Word for word, restate the data that follows, omitting the images.

*** PROVIDED ENTRIES Section Begins ***

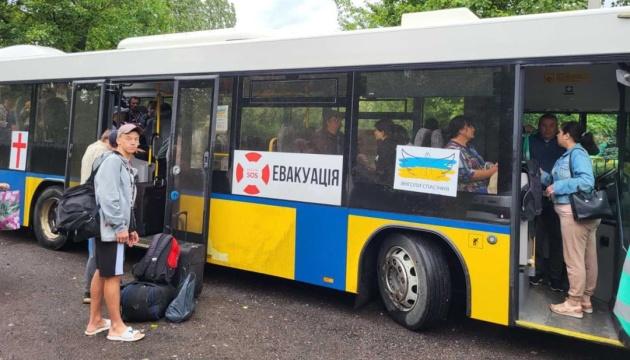 Евакуйованим з Херсонської області держава виплатить допомогу, – Мінреінтеграції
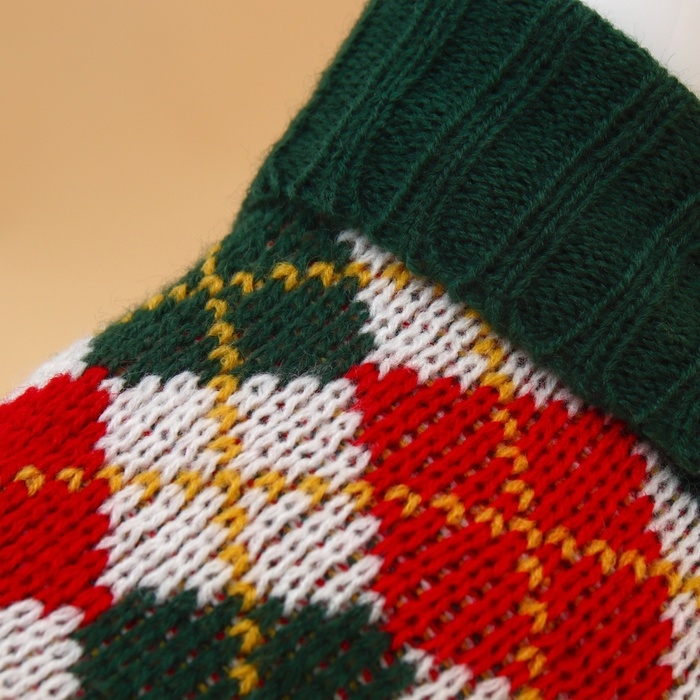 Свитер "Шахматы", M (ДС 26, ОШ 26, ОГ 28-46 см)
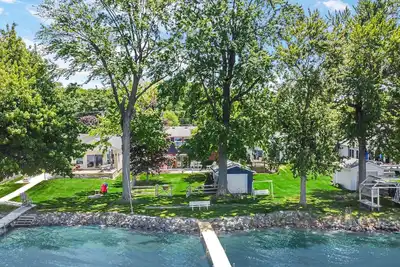 Image de New! Sunset Shores: Lakefront home with private pier/huge fenced yard! \n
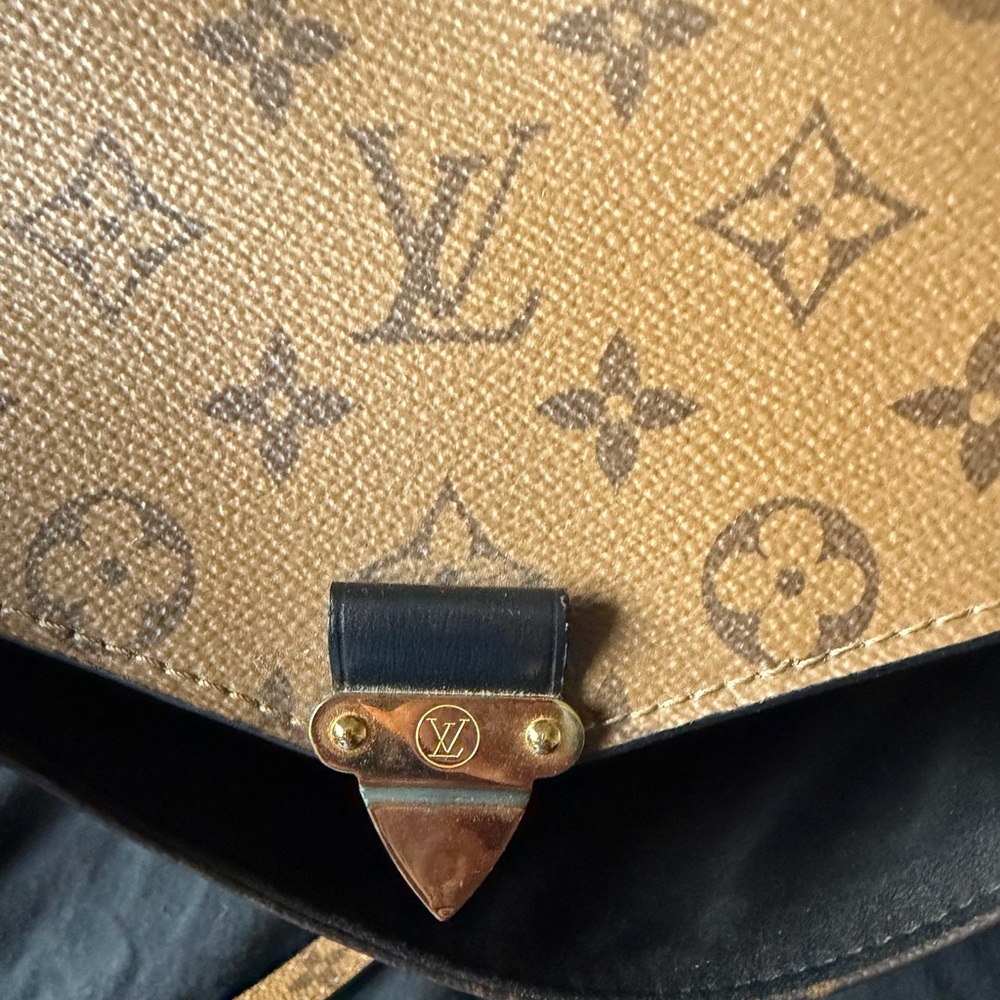 Louis Vuitton Pochette Metis reverse Monogram Crossbody Bag - Picture 15 of 16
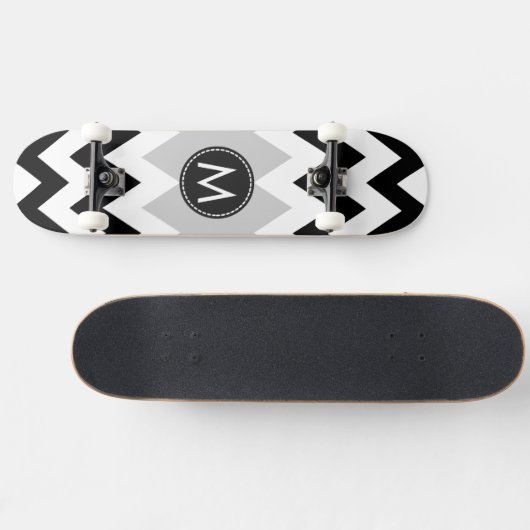 Black White Chevron Pattern Skateboard (Horizontaal)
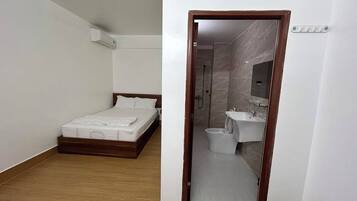 Basic Double Room | Free WiFi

*** PROVIDED ENTRIES Section Ends ***

FINISHED EXERCISE.
 Евакуйованим з Херсонської області держава виплатить допомогу, – Мінреінтеграції
 Свитер "Шахматы", M (ДС 26, ОШ 26, ОГ 28-46 см)
 Image de New! Sunset Shores: Lakefront home with private pier/huge fenced yard! \n
 Louis Vuitton Pochette Metis reverse Monogram Crossbody Bag - Picture 15 of 16
 Black White Chevron Pattern Skateboard (Horizontaal)
 Basic Double Room | Free WiFi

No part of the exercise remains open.